New Method Builds Bricks Using Fake Lunar Soil, Heat from Sun

By Tereza Pultarova | May 22, 2017 04:10pm ET
Moon explorers could one day build their houses from bricks made out of lunar soil, or regolith, using just the energy of the sun, according to a new experiment by the European Space Agency (ESA).
Using volcanic material with composition similar to that of lunar dust, a team led by materials engineer Advenit Makaya 3D-printed bricks and baked them in a solar furnace. The German Aerospace Center's (DLR) facility in Cologne, Germany, runs the furnace.
"This was done on a 3D-printer table, to bake successive 0.1-millimeter layers of moon dust at 1,000 degrees Celsius [1,800 degrees Fahrenheit]," Makaya said in a statement. "We can complete a 20 x 10 x 3-centimeter [8 x 4 x 1 inches] brick for building in around 5 hours." [3D Printing: 10 Ways It Could Transform Space Travel]
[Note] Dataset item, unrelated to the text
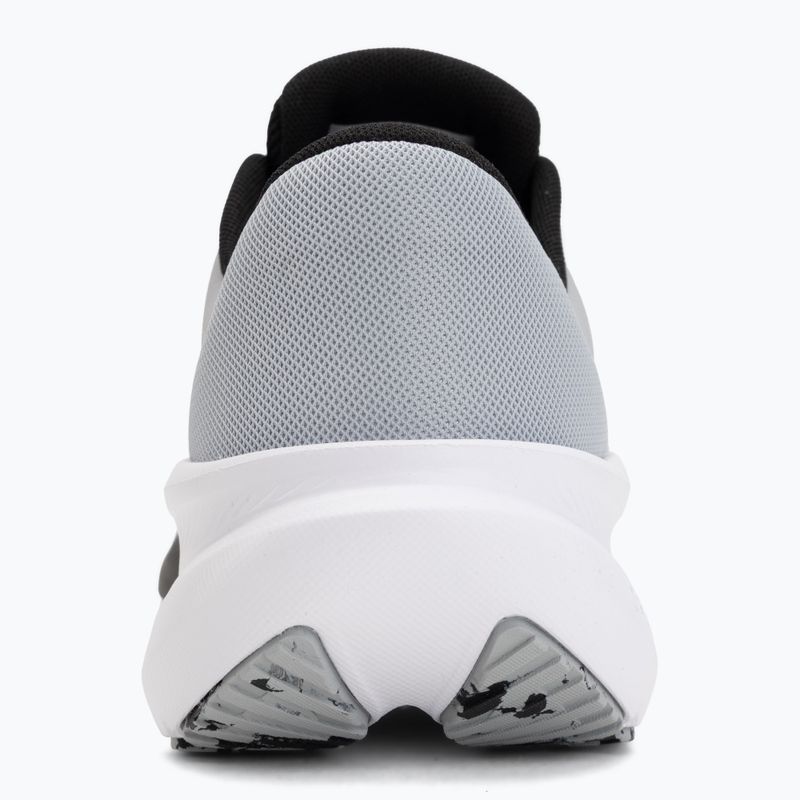 Buty do biegania męskie Under Armour Chase mod gray/white/black 6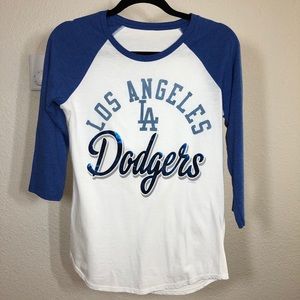 Dodger T-Shirt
This brick was 3D-printed from simulated lunar soil using concentated sunlight from the solar furnace at the DLR German Aerospace Center facility in Cologne. Credit: G. Porter/ESA
The researchers said the strength of the bricks is equivalent to that of the mineral gypsum, which is a major component of plaster. However, the team has not yet performed all the necessary mechanical testing.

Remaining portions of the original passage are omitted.